Try it: Puree kalamatas with capers, olive oil, basil, and garlic, and serve on grilled ciabatta bread with Manchego cheese and arugula.
Their deep, smoky flavor conjures up raisins and wine. Dry-cured in salt—a process that gives them their distinctive wrinkled texture—these olives are then soaked in olive oil and herbs to enrich and soften them and mellow their intensity. As a result, they have an especially high sodium content, so use them in small quantities to enhance dishes with neutral flavors, such as pasta and rice.
Try it: Toss Moroccan oil–cured olives with hot fettuccine, minced basil, sun-dried tomatoes, grated Asiago cheese, and olive oil.
These purplish-black little olives boast a bright, tangy flavor that has earned them the starring role in the eponymous French Niçoise salad and in pissaladier, a Provençal pizza-style dish of olives, onions, and anchovies on flat bread.
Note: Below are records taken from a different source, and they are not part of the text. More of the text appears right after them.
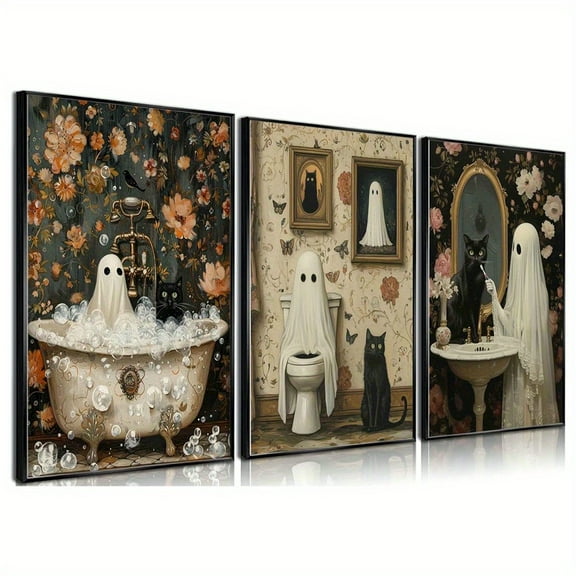 [2D Flat] 3pcs Halloween Ghost Wall Art, Gothic Black Cat Funny Poster Wall Decoration, Retro Horror Dark Academic Engravings, Used for Bathroom, Gallery, Home Decoration 2D Flat Print Frameless Pai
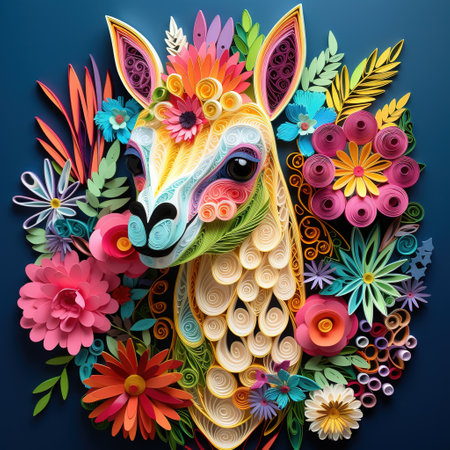 Llama made of flowers and leaves on dark blue background.の素材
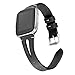 bayite Leather Bands Compatible with Fitbit Versa/Versa 2, Slim Wristband with Ventilated Hole Replacement Accessories Strap Versa Women Men, Black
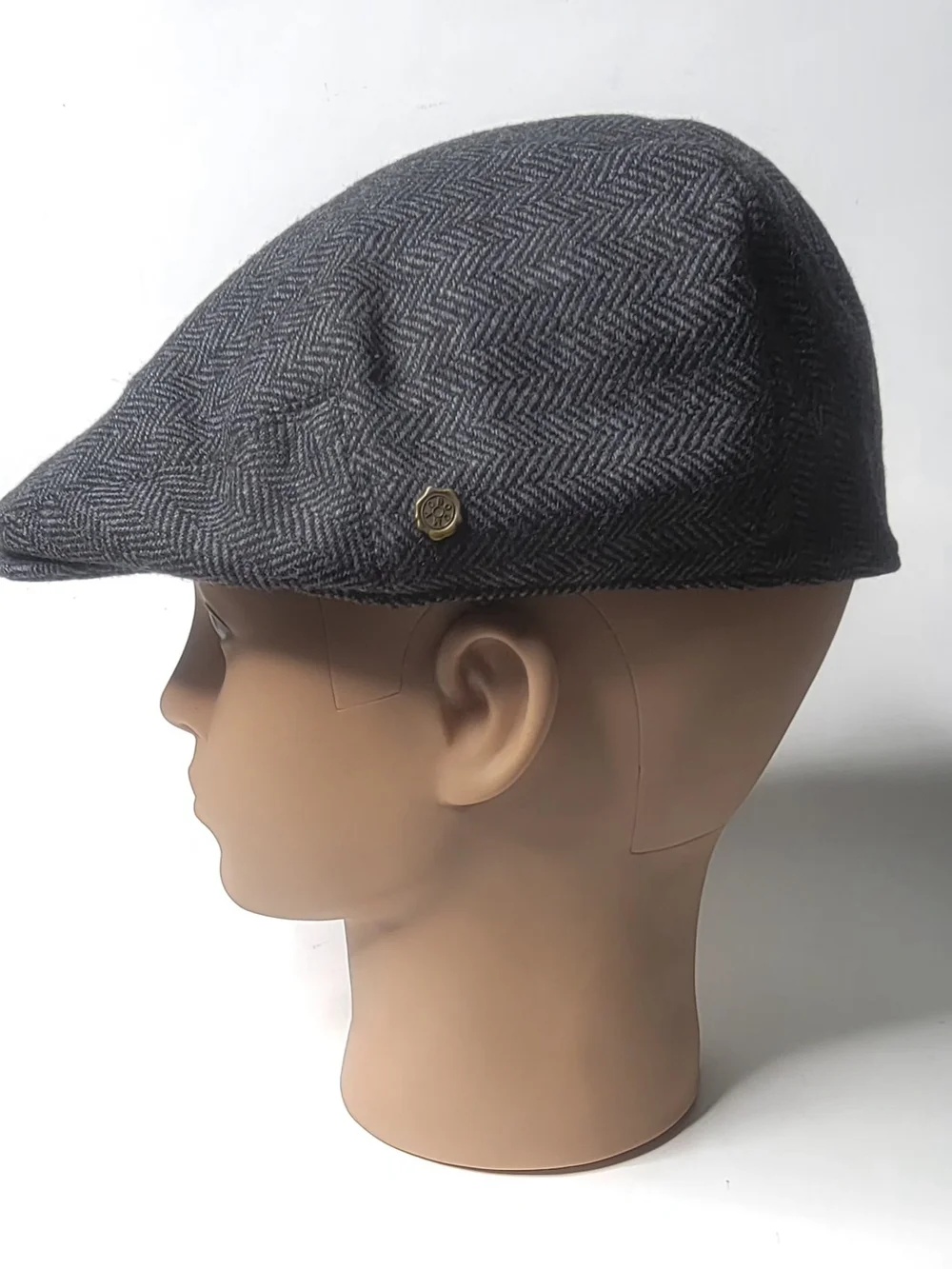 VOBOOM  Men's Herringbone Flat IVY newsboy Hat Gray Size 7 1/2 -61cm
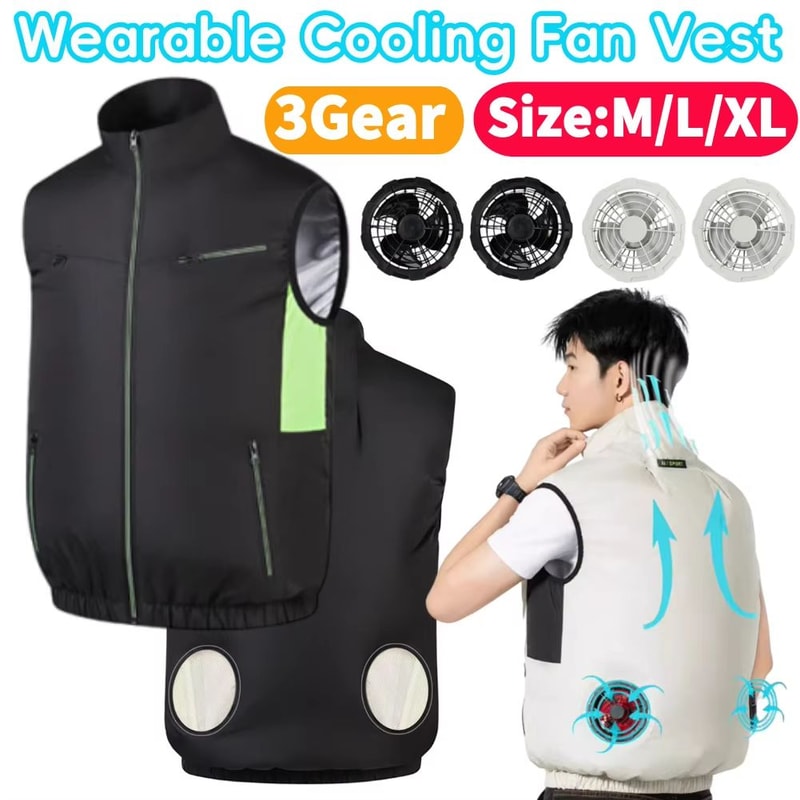 Wearable Cooling Vest With Dual Ice Fans For Outdoor Work And Extreme Heat 0
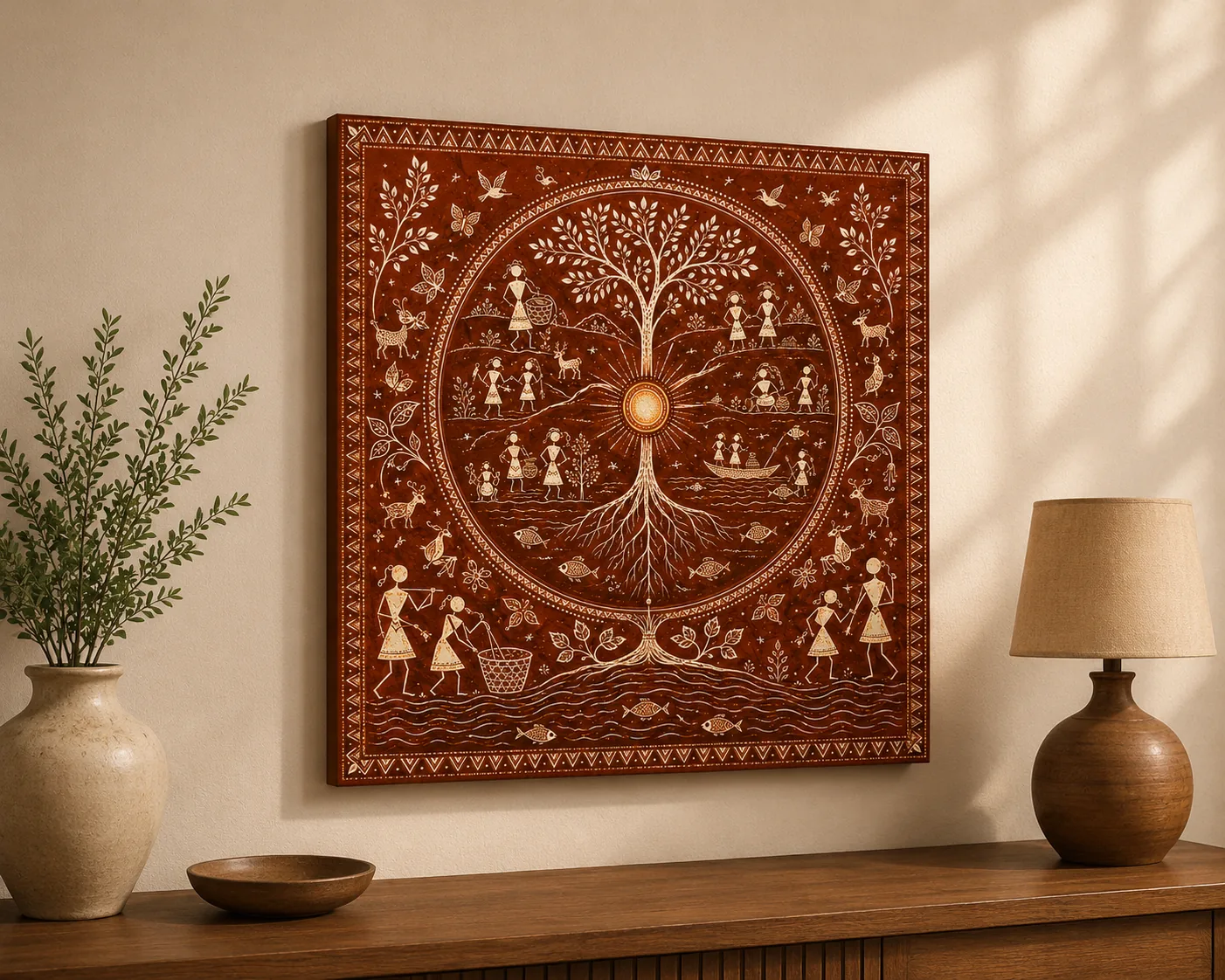 Warli Sacred Tree of Life Canvas Print - Golden Sun Indian Tribal Wall Art - Image 2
Try it: Add Niçoise olives to shrimp sautéed in olive oil and butter, along with garlic, lemon, white wine, and capers; serve over hot linguine.
These olives are typically marinated in brine laced with herbes de Provence and other flavorings, such as coriander, onion, bay leaf, or lemon. Flavorful but delicate, herbal, and nutty, picholines add a distinctive accent to all manner of recipes.
Try it: Mince picholines and roasted red peppers, stir into softened chevre, spread on crostini, and top with smoked salmon.
Familiar to most as the typical, pimento-stuffed green variety sold in glass jars on supermarket shelves, manzanillas are plump and tender, with sweet, almond undertones. You’ll also find more upscale versions in specialty shops; these often are stuffed with garlic, habañero peppers, almonds, anchovies, blue cheese, or other unusual ingredients.
Try it: Marinate cooked shrimp, almond-stuffed manzanillas, orange segments, and shallots in sherry and olive oil; serve over arugula leaves.
Salt-curing concentrates the flavor and wrinkles the skin of Gaetas, but it unfortunately also makes them higher in sodium than most other olive varieties. Curing them in brine, however, imparts a dark purple–black hue and makes their skin and flesh plump and smooth. Either way, they have a tart, winey taste that’s lovely in cooked dishes, especially those that can stand up to their robust flavor.
Try it: Add Gaetas, red pepper flakes, and minced garlic to roasted parsnips and sweet potatoes during the last 10 minutes of cooking.
Famed for their sharp, pleasantly peppery flavor and rich, buttery undertones, these medium-brown olives have only a small amount of firm flesh. Arbequinas make the finest-quality olive oil.
Try it: Toss Arbequinas with chopped endive, baby arugula leaves, crumbled feta cheese, orange segments, and lemon-basil vinaigrette.
The mammoths of the olive family, cerignolas reach spectacular size and have firm, meaty flesh and smooth, taut skin. You’ll find them in both a brilliant green and a dull black. The greens are fresh and fruity, with mildly briny undertones; the black versions offer a rich, sweet flavor with hints of butter.
Try it: Combine finely chopped green cerignolas with minced garlic and shallots, coarsely chopped pine nuts, and olive oil; spread on toasted whole-grain baguette.